After falling 10.4% in 2015 to end the year at $1,061.30, gold has recovered almost all of those losses and is currently trading at seven month highs around $1,189.26 an ounce, 12% higher than at the start of the year.
And, perhaps more importantly, it is flirting with the $1,200 level which is seen by traders as a significant psychological level.
In sterling terms, the move is even greater, from £720.04, at the start of the year, it is currently trading at £826.26.
So, what is going on?
The cynical will point out that gold had a similarly bullish start to 2015, rising as much as 12% in January, before stumbling.
Those with a slightly more charitable view of the yellow metal will argue, as UBS strategist Joni Teves does, that current macro conditions are supportive of the metal, particularly recent dollar weakness and the stress seen across credit markets.
“Despite likely gains in positioning of late, that the market is coming from a low base should offer investors comfort that there is room to rebuild. We think gold deserves credit for its year-to-date performance and a $1200+ price tag should be achievable,” she said in a note out on Tuesday.

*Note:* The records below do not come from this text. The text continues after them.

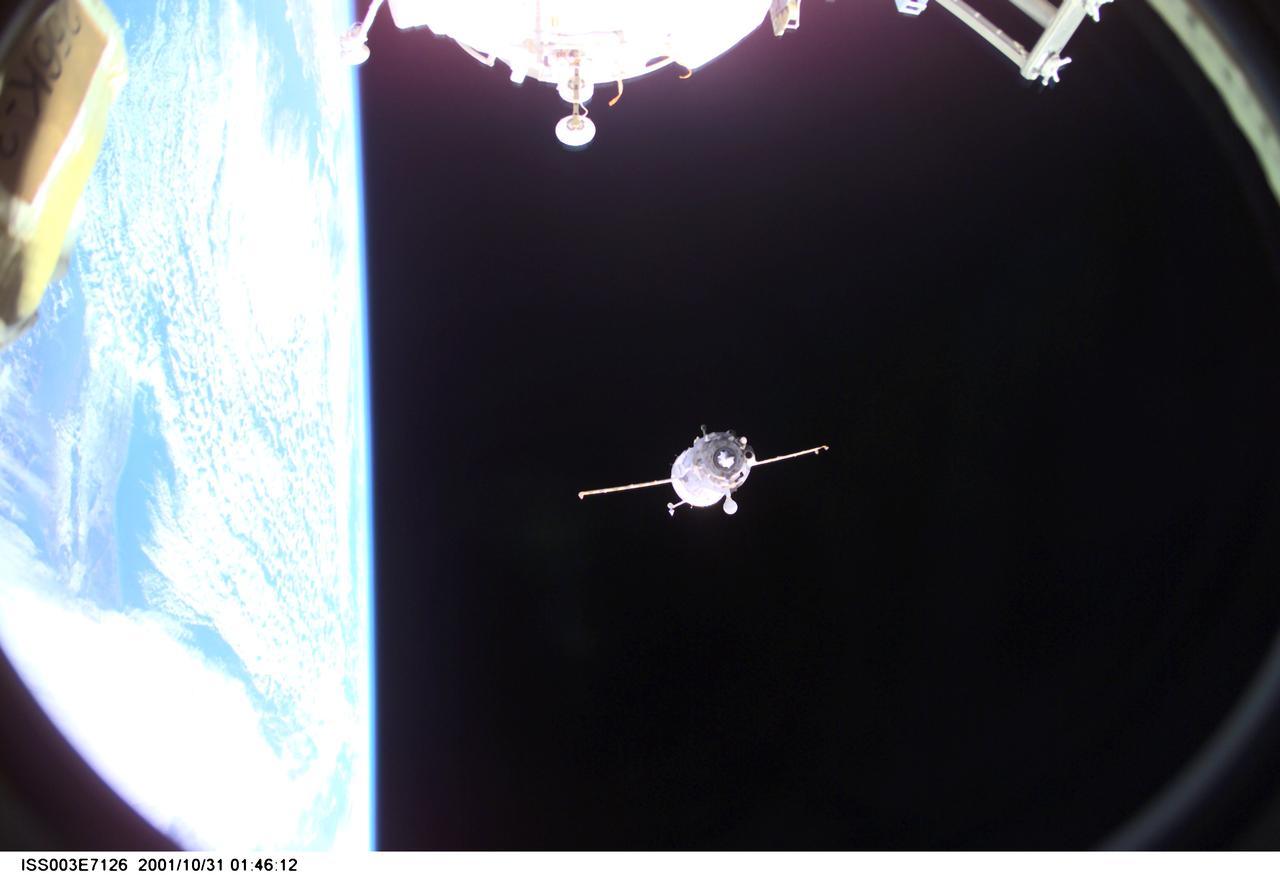 ISS003-E-7126 (31 October 2001) --- Backdropped by Earth’s horizon and the blackness of space, a Soyuz spacecraft undocks from the International Space Station (ISS) carrying the Soyuz taxi crew, Commander Victor Afanasyev, Flight Engineer Konstantin Kozeev and French Flight Engineer Claudie Haignere, ending their eight-day stay on the station. Afanasyev and Kozeev represent Rosaviakosmos, and Haignere represents ESA, carrying out a flight program for CNES, the French Space Agency, under a commercial contract with the Russian Aviation and Space Agency. This image was taken with a digital still camera.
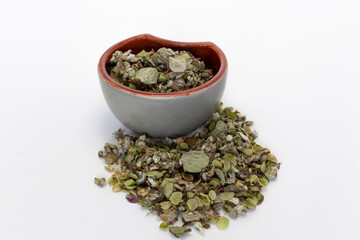 Origanum dictamnus, Dittany of Crete tea in a bowl on a white background. Cretan dittany or hop marjoram is a medicinal tea growing wild only in Crete. It is a healing, therapeutic and aromatic plant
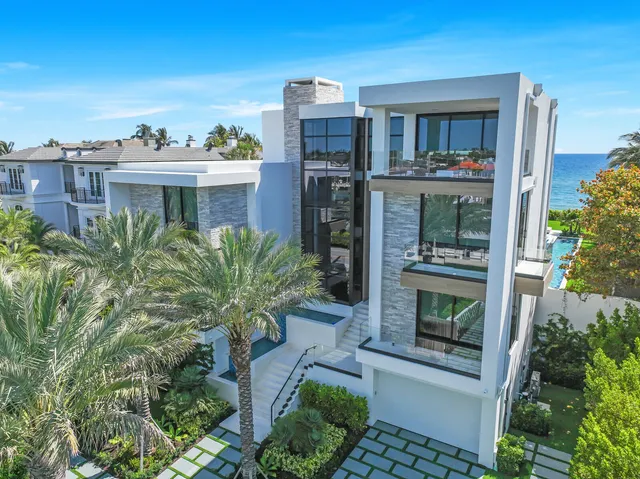 a dining room with furniture a window and a flat screen tv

But, she added, the latest gain does raise the risk of the market getting ahead of itself.
“The pace and magnitude of gold’s ascent over the past week or so suggests that the potential for a near-term correction or consolidation of recent gains is becoming elevated. Market participants are likely to be particularly hesitant ahead of a key event such as the Fed Chairwoman, [Janet Yellen’s] semi-annual monetary policy testimony to the House and Senate this week.”